Sir Joni Bonifacio is a cave master and an extreme adventurer in Samar. He is one of the few people with the drive to explore and promote the natural attractions locally. Sir Joni Bonifacio is a man of adventure with a vision. His aim to promote the local tourism and his effort to achieve this is beyond compare. My sincere thanks to Sir Joni for handling my long awaited opportunity to summit the three peaks of Tres Marias.

If you want to experience the same,

I highly recommend you contact Sir Joni Bonifacio. Here’s how and why:

  • Experienced cave master and explorer.
  • Equipped with essential gears and tools.
  • Has a network of local guides in contact.
  • Passionate about promoting the tourism.
  • Educates and orients guests on what to do and what not.
  • Equips guests with information and facts.
  • Very informative. All fun. No worries. Very accommodating.
  • You can contact him through his website:


  • There are several notes to observe when climbing a mountain. So listen attentively when an orientation is given.
  • Never litter. Be a good example of a mountaineer. 
  • Bring necessary amount of toiletries. You might be spending several days with no shower.
  • Bring enough potable water for consumption for several days.
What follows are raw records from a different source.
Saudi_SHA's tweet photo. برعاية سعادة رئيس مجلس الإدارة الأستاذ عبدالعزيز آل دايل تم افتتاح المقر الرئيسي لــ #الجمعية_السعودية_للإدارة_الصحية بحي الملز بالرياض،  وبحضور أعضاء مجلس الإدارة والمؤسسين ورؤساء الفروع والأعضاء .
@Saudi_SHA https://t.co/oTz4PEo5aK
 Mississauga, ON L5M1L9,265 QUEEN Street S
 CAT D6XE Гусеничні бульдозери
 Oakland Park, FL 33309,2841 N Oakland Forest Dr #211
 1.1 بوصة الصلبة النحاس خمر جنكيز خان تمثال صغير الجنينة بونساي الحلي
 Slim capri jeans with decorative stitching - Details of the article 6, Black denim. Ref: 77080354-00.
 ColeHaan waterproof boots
Especially if you have a sensitive stomach and cannot adapt to natural waters in the mountain.
  • Bring extra batteries for your gadgets and flashlights.
  • If you have a sensitive stomach, better be prepared with OTC medications like loperamide.
  • Lastly, enjoy and appreciate what the mountain can offer.
    • Don’t forget your souvenir pictures.
    • Surely, you’ll gain friends, self trust, and self reliance by the end of the adventure.